• _Instructions to follow_: The entries below hold a line with "Александр, 43, Самаре — анкета №2242797" and a line with "Apoio para frente de teclado-SRT003". Return those lines and all that lie between them, exactly and only.

• _Material for this task_:
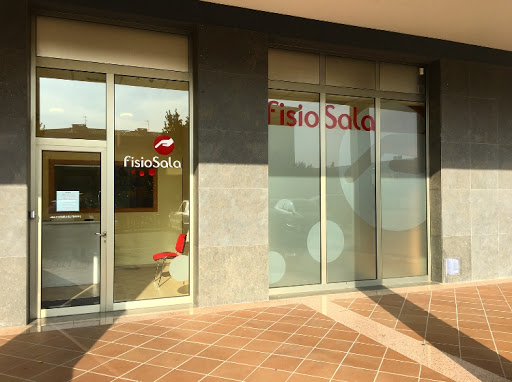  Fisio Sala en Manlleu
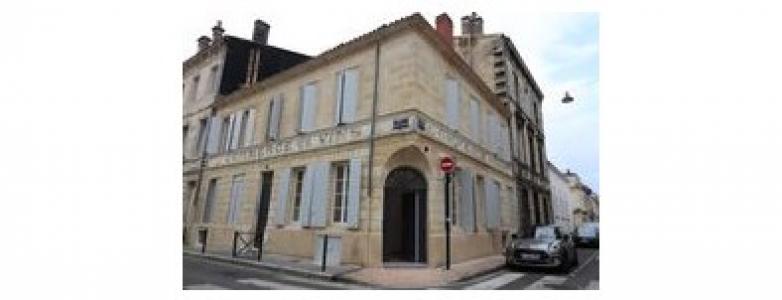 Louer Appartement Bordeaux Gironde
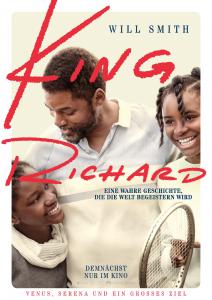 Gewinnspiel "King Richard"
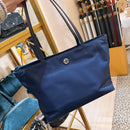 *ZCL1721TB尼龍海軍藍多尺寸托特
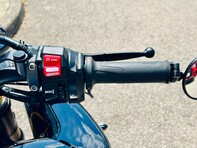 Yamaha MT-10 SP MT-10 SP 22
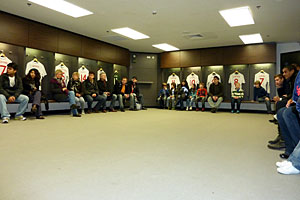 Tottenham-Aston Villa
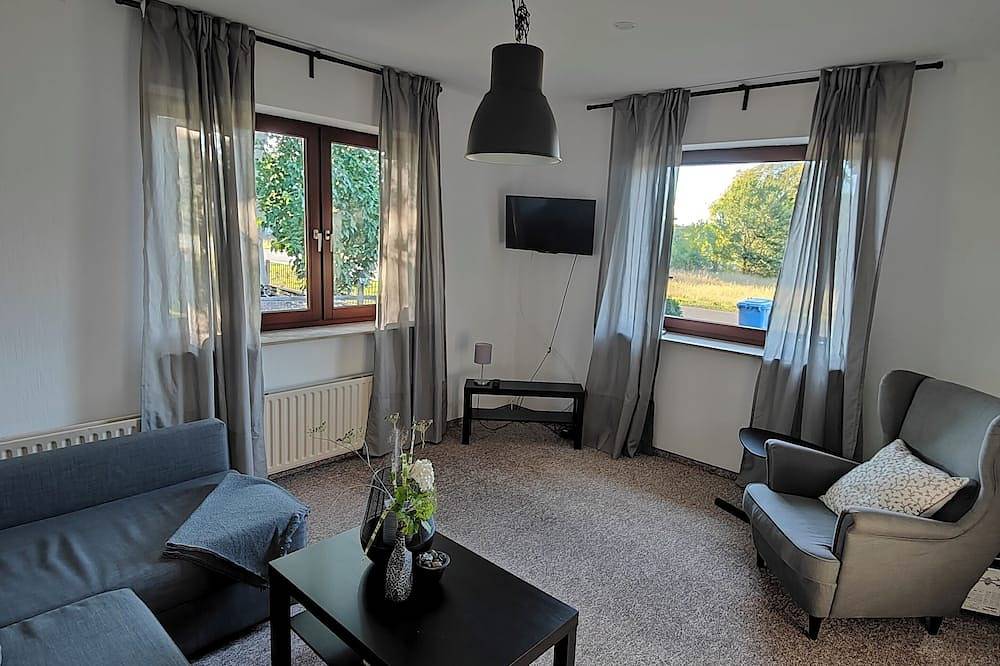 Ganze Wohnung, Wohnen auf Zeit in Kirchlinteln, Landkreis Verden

...

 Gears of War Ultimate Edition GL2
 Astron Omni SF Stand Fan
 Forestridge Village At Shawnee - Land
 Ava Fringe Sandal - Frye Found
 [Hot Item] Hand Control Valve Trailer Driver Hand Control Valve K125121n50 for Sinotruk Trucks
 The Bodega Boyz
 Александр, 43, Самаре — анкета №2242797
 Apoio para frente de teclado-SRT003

• _Exercise answer_:
 Александр, 43, Самаре — анкета №2242797
 Apoio para frente de teclado-SRT003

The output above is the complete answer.